## DIRECTIONS
Pictures in the entries below are excluded; copy only the lines from the one containing "Lot de 3 boxers BLEU/BEIGE" to the one containing "그냥 새옷상태 에고이스트 사가퍼 숏패딩 블랙 55(66가능)", both included.

## AVAILABLE RECORDS
----

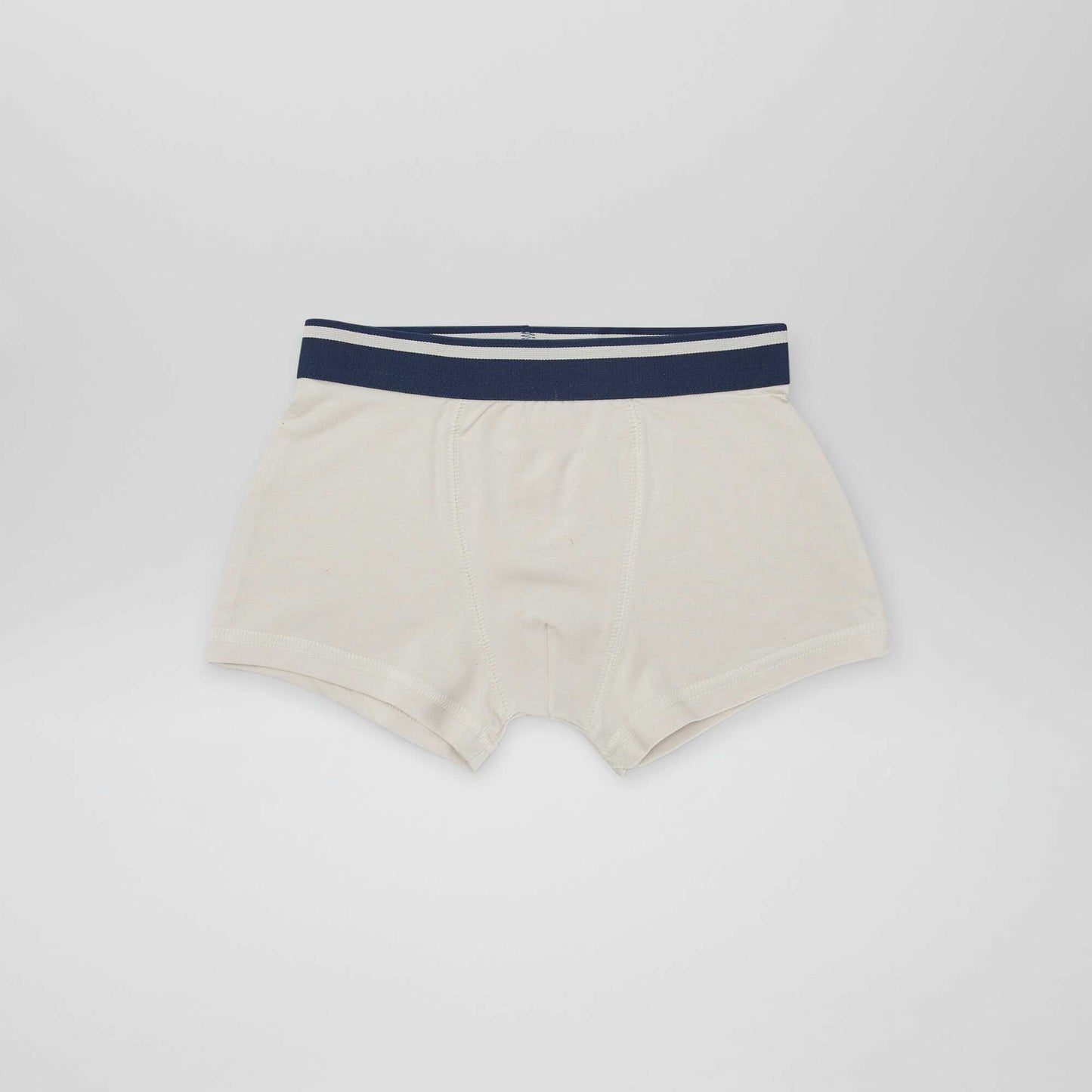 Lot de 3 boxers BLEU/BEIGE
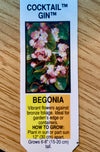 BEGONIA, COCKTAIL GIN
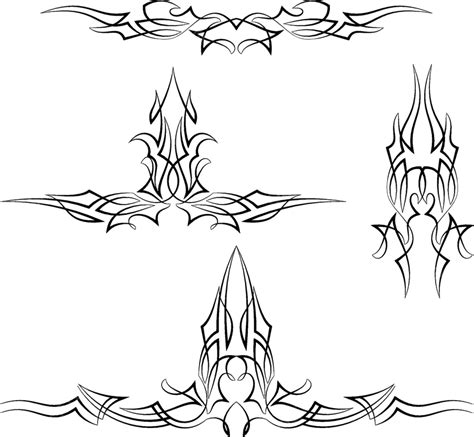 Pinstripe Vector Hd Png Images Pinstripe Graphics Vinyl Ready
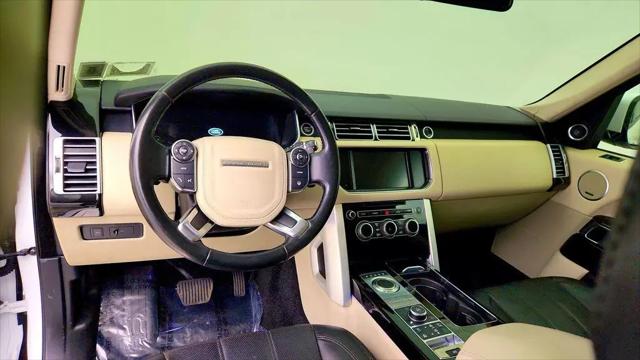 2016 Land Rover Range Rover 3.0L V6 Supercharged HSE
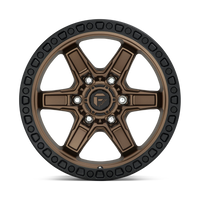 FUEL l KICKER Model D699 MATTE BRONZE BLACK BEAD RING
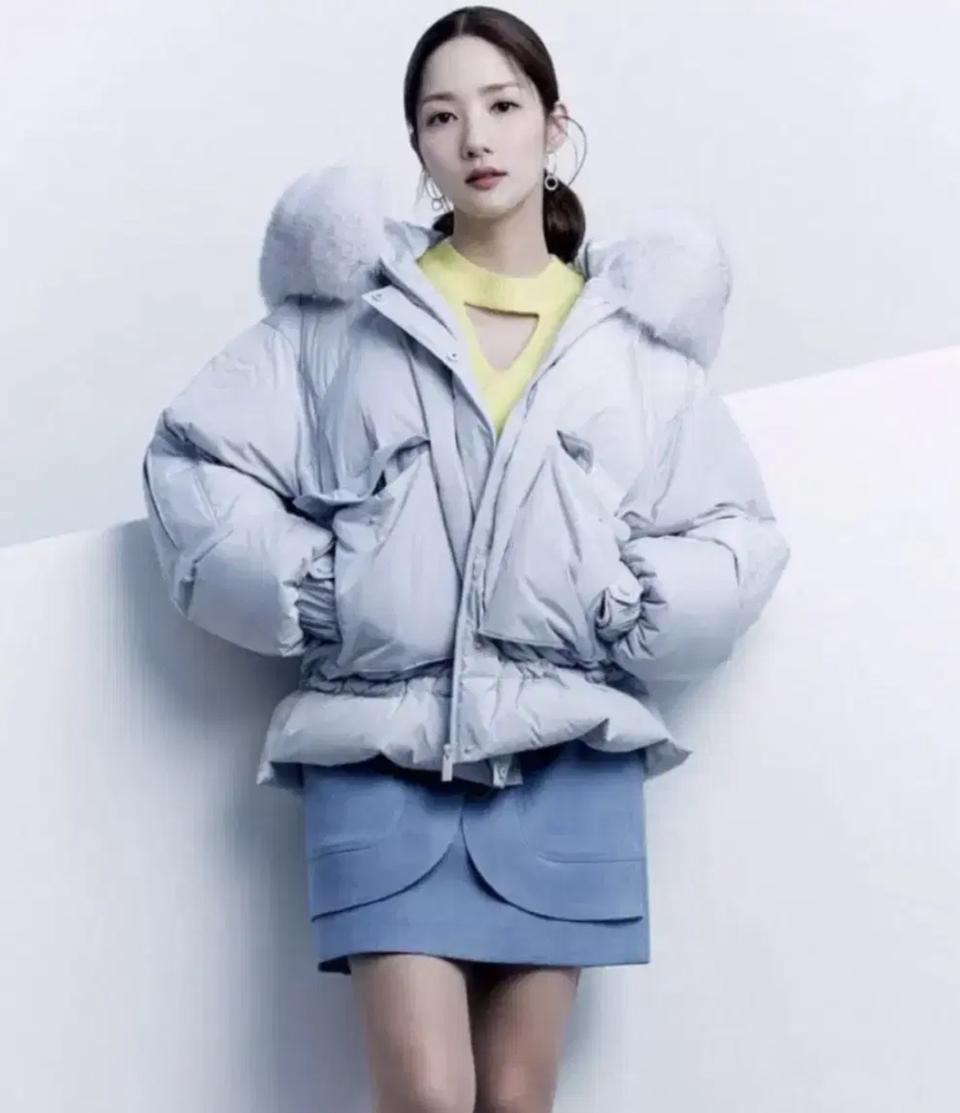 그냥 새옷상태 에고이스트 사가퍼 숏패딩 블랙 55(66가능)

----

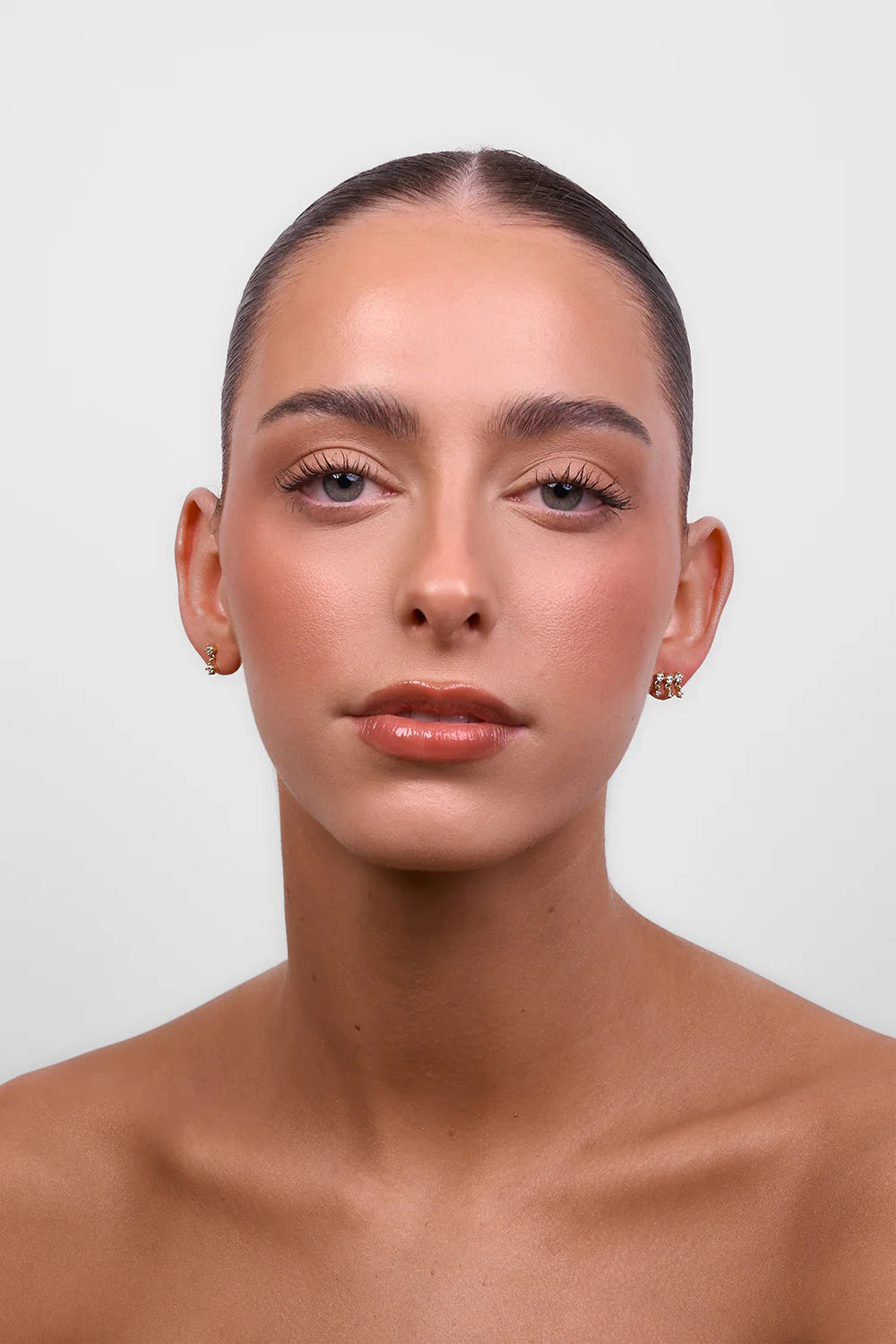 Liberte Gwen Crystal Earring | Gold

----

## SOLUTION FOR THIS PROBLEM
 Lot de 3 boxers BLEU/BEIGE
 BEGONIA, COCKTAIL GIN
 Pinstripe Vector Hd Png Images Pinstripe Graphics Vinyl Ready
 2016 Land Rover Range Rover 3.0L V6 Supercharged HSE
 FUEL l KICKER Model D699 MATTE BRONZE BLACK BEAD RING
 그냥 새옷상태 에고이스트 사가퍼 숏패딩 블랙 55(66가능)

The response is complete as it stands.